* [Requirement]: Every line of the listing below from the one with "Hotel Mousai - Adults" up to and including the one with "2560 Estates Drive, North" should be retyped exactly, and nothing else; pictures are not part of the copy.

* [Data supplied]:

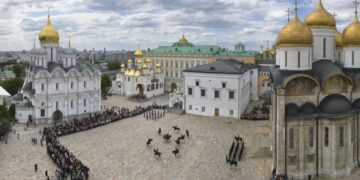 Desfile ceremonial eb caballo frente a el Kremlin de Moscú, Rusia. Foto: Museo y Patrimonio Histórico y Cultural del Estado del Kremlin de Moscú.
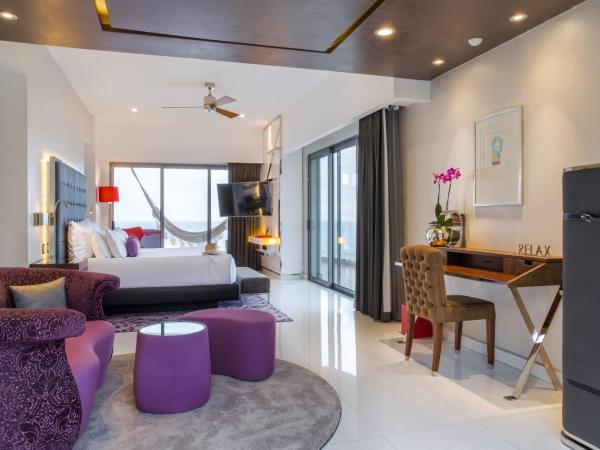 Hotel Mousai - Adults Only : photo 10 de la chambre suite d'angle ultra mousai - exposée nord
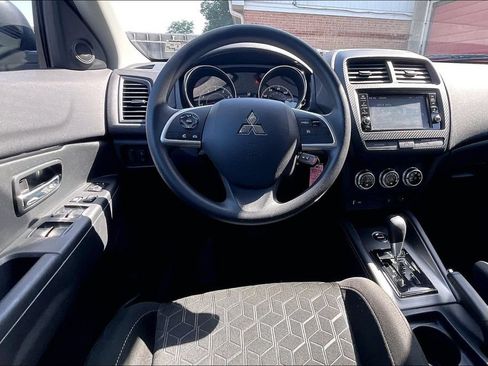 Used 2024 Mitsubishi Outlander Sport ES AWD/4WD image 5
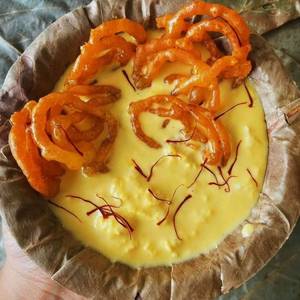 Special Jalebi With Rabri (250 Gm)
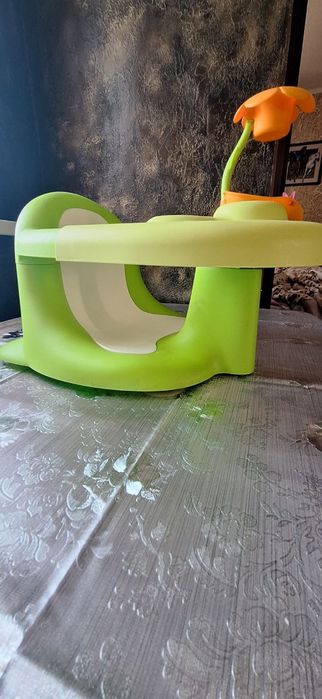 Дитячий стілець для купання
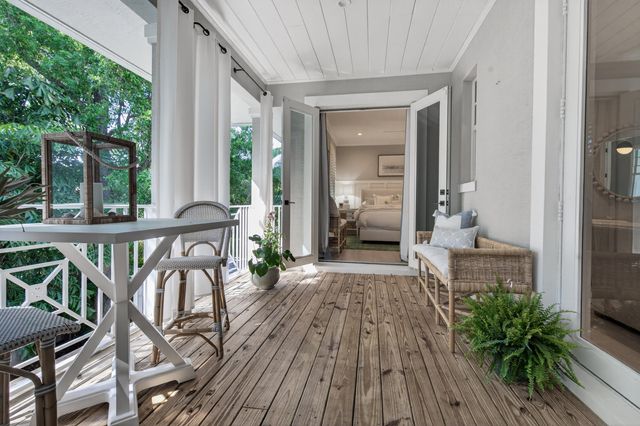 2560 Estates Drive, North Palm Beach, FL 33410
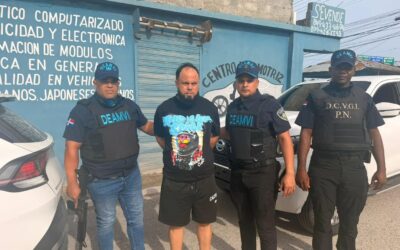 En redes sociales circuló un video en el que se observa al imputado intentando entrar de forma violenta al apartamento de la denunciante.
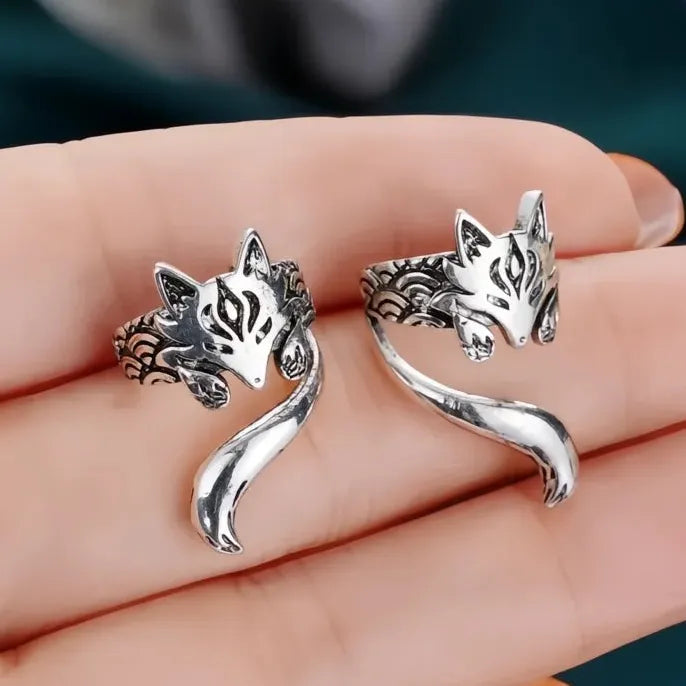 New Trendy Fox Shape Clip Earrings for Women Antique Silver Color Metal Ear Cuff Jewelry 2023 Statement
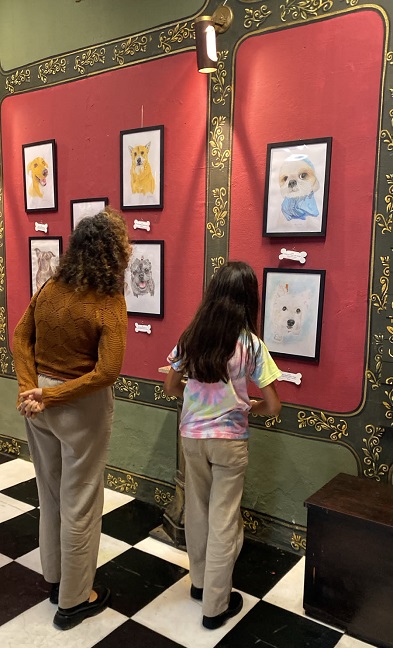 Exposição “Cães que Amamos 2026” reúne arte e proteção animal no Centro Cultural Toninho Mendes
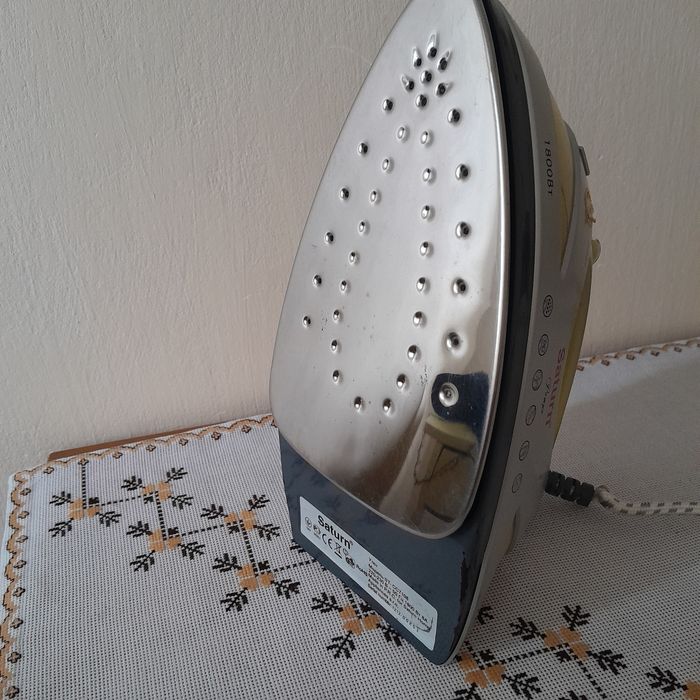 Праска Сатурн 1800 Вт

* [Exercise solution]:
 Hotel Mousai - Adults Only : photo 10 de la chambre suite d'angle ultra mousai - exposée nord
 Used 2024 Mitsubishi Outlander Sport ES AWD/4WD image 5
 Special Jalebi With Rabri (250 Gm)
 Дитячий стілець для купання
 2560 Estates Drive, North Palm Beach, FL 33410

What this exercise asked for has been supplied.